On Shabbat I was thinking about the absurdity of the selection we humans do of other animals. I noticed it when my father joyfully opened the Friday paper to share the funniness of an article about a dog hotel near Jerusalem. He read out loud the different activities the dogs have, the morning walks, the spa treatments, and everyone got a good laugh from the scheduled "twenty minutes of belly rubs".
It was right after they finished eating their chicken.
And I thought, who are we to determine which animals deserve to live and which to die? Which we let suffer and which we pamper and let sleep in our beds (i.e. cats and dogs, usually)? What's the difference between a cow, a pig, a chicken and a dog in terms of their right to live or die or suffer. All of these are intelligent animals. All of these animals know happiness, pain and suffering.
We would never eat dogs, but in China maybe they do. Why is that weird to us? We eat cows. Why do we care about dogs and not cows? "Because the cow is not our pet and we don't feel an emotional connection to them." That does not justify letting them suffer, in my opinion, on an objective level.
In a way we have been doing this selection all throughout history, with urbanization and colonialism, causing certain species to die and others to thrive, as an aftermath of our actions, even if not intentionally. But somehow I know this is different because this is in the hands of the small citizen. If I have a choice to cause suffering and not to cause it, of course I choose not to cause it.

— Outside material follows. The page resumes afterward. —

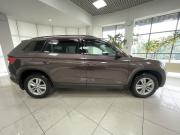 Skoda Kodiaq I Москва  - изображение 27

I don't know the answer to the colonialism question and the "natural" process of humans causing animals habitats to change. It's a good question. Where are we in this story, where should we be? How much can we grow without destroying too much? I know I live in a city. What does that mean? I'm not sure yet.
But right now, I have a choice. I can eat an animal and I can also not.
I believe as individuals we need to be responsible to protect the world as much as we can and cause as little damage and hurt as possible. Ecologically, socially, personally, and in every other aspect.
But really, why do you choose to save the dog and kill the cow?
Who are we to interntionally decide which animals deserve life and which a neverending death?